(Exercise requirements) Please repeat, precisely as written, only the lines from the one containing "Alien Fox gets" through the last line of the records below, pictures omitted.

(Supplied entries)

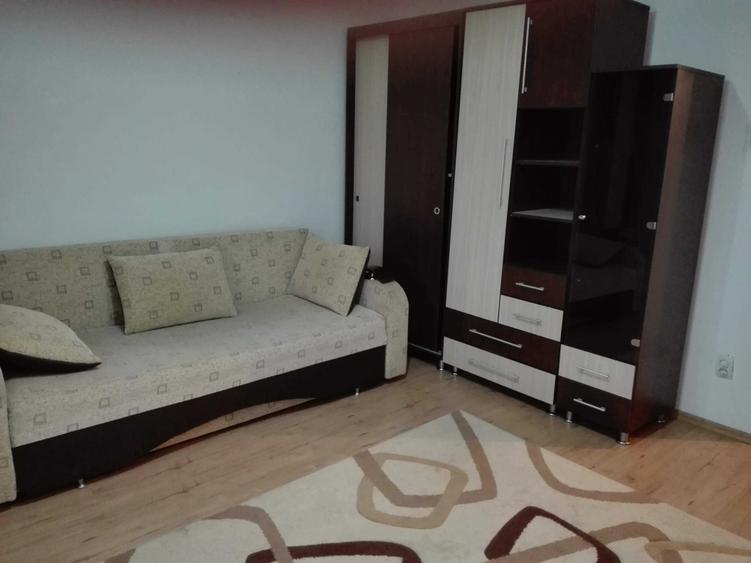 Garsonieră semidecomandată în Micro 3
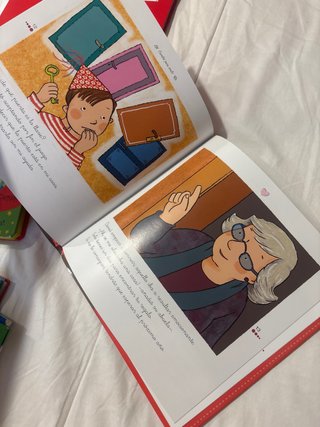 Pac de seis libros para niños.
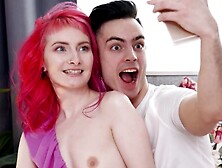 Alien Fox gets facefucked after taking some selfies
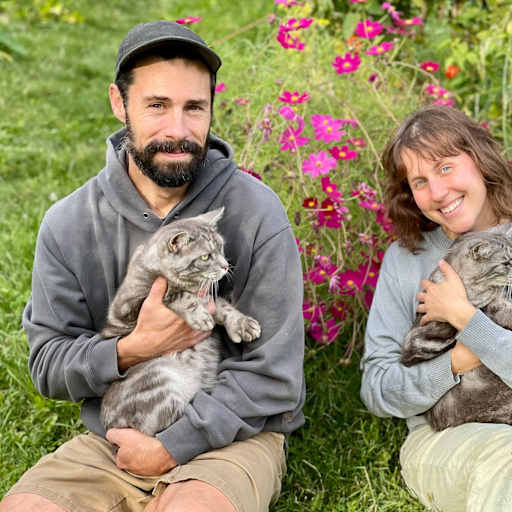 Profile image for pet sitters Fanny & David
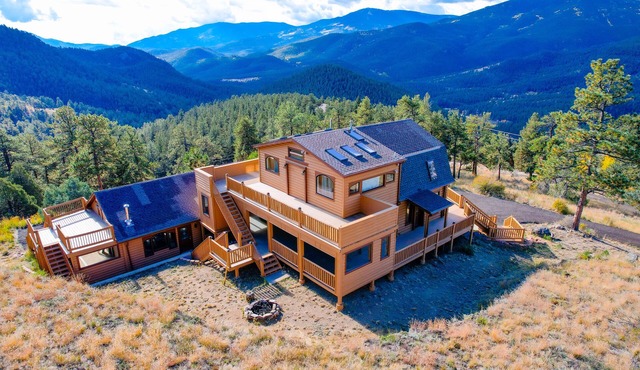 Fully Remodeled Cabin with breathtaking views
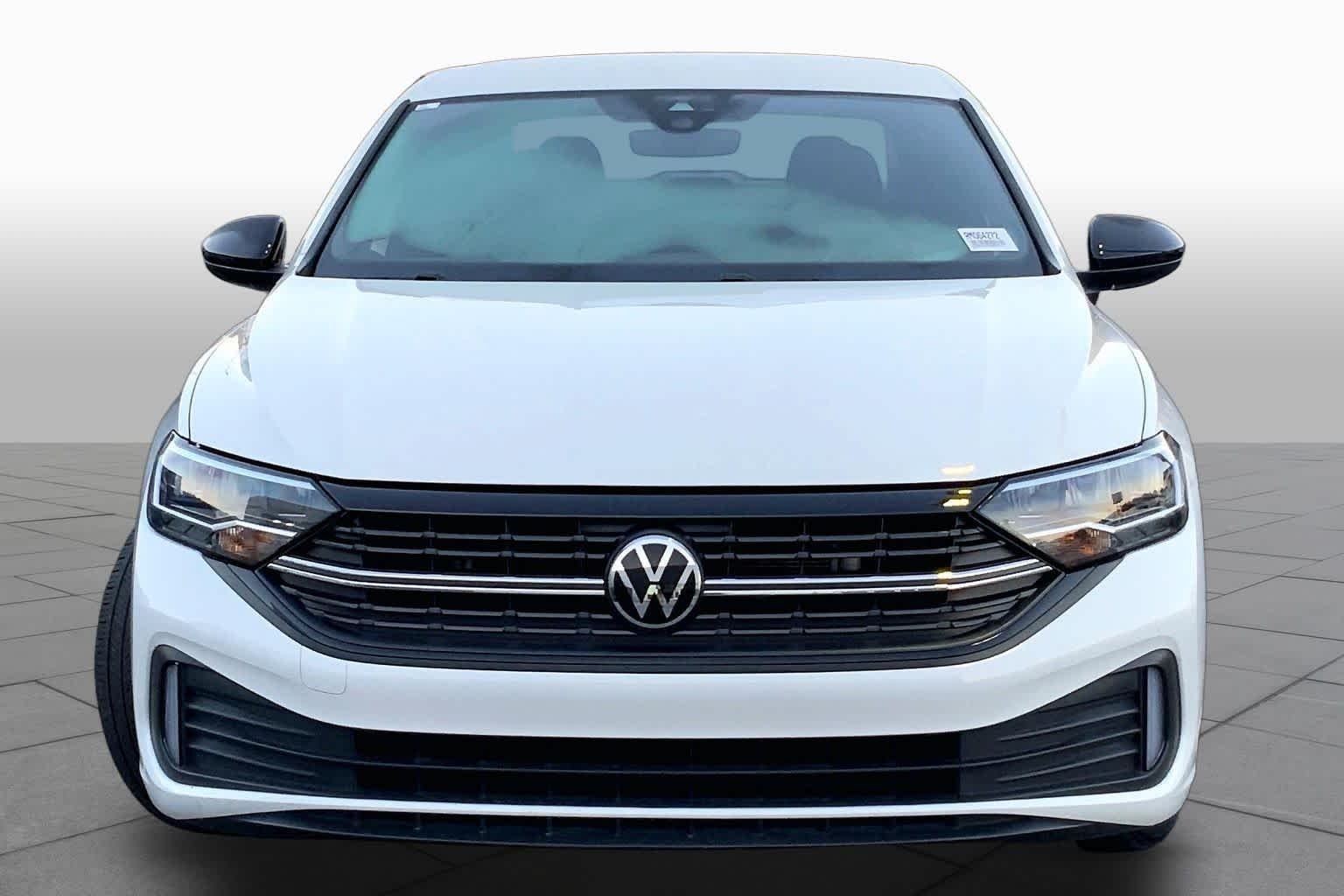 Used 2024 Pure White Volkswagen Sport image 4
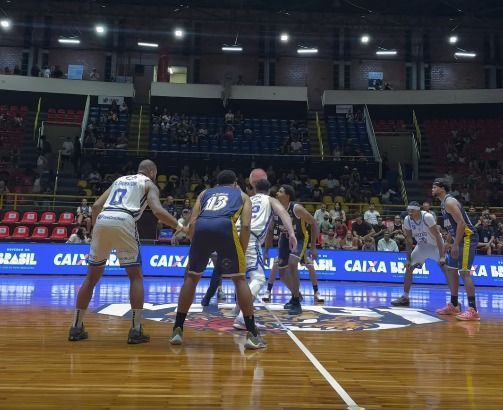 NBB: duelo entre Mogi Basquete e Cruzeiro é paralisado e suspenso por motivo inusitado
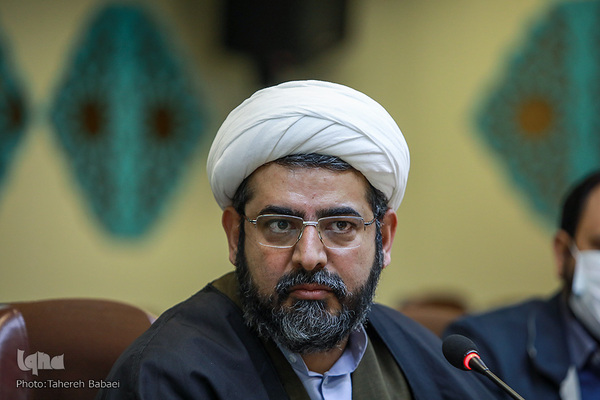 حجت‌الاسلام والمسلمین مهدی اخوان‌صباغ، ‌رئیس سازمان دارالقرآن الکریم، نشست بررسی چگونگی تحول در ساختار امور قرآنی کشور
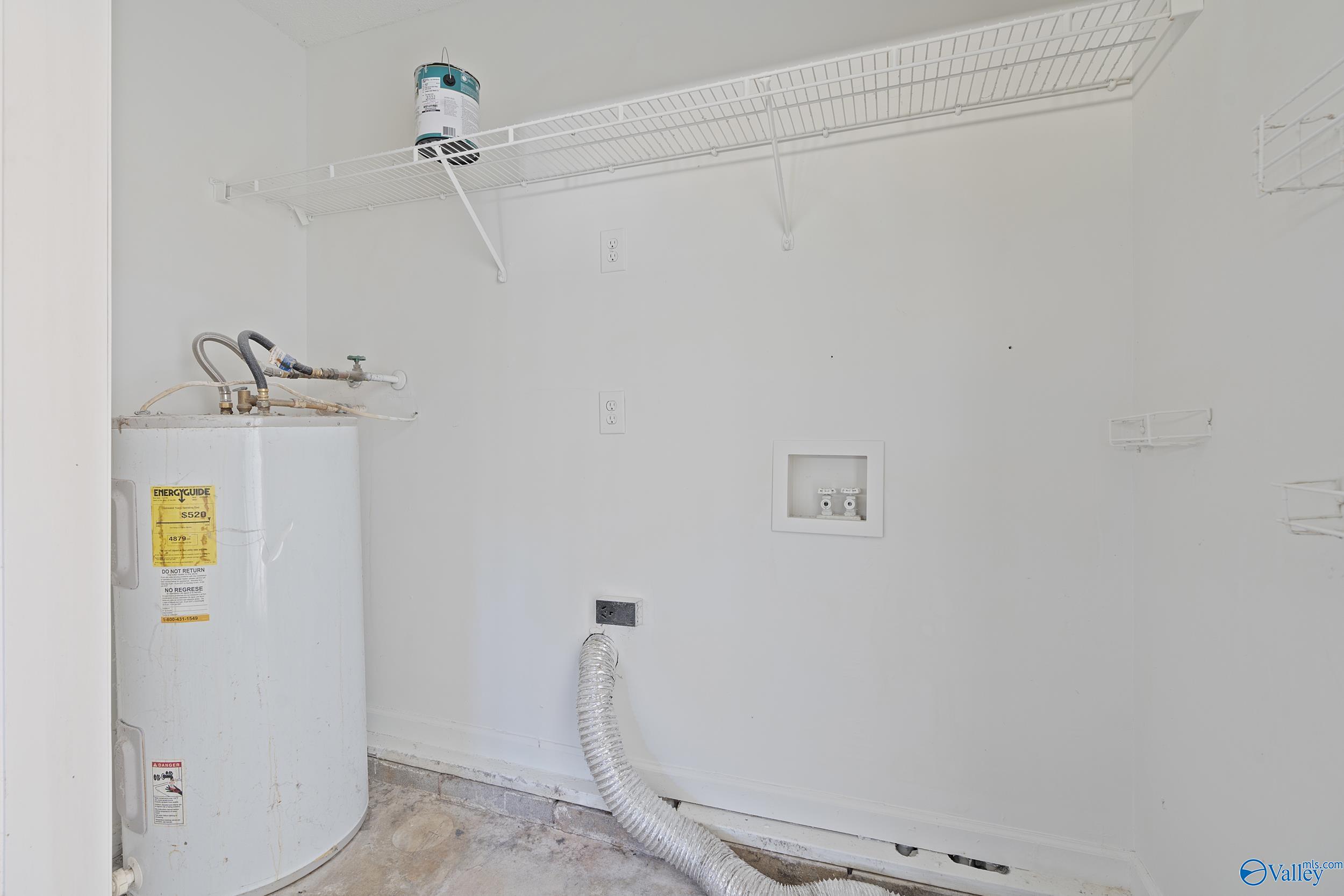 104 Shadow Oak Circle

(Reply to the exercise)
 Alien Fox gets facefucked after taking some selfies
 Profile image for pet sitters Fanny & David
 Fully Remodeled Cabin with breathtaking views
 Used 2024 Pure White Volkswagen Sport image 4
 NBB: duelo entre Mogi Basquete e Cruzeiro é paralisado e suspenso por motivo inusitado
 حجت‌الاسلام والمسلمین مهدی اخوان‌صباغ، ‌رئیس سازمان دارالقرآن الکریم، نشست بررسی چگونگی تحول در ساختار امور قرآنی کشور
 104 Shadow Oak Circle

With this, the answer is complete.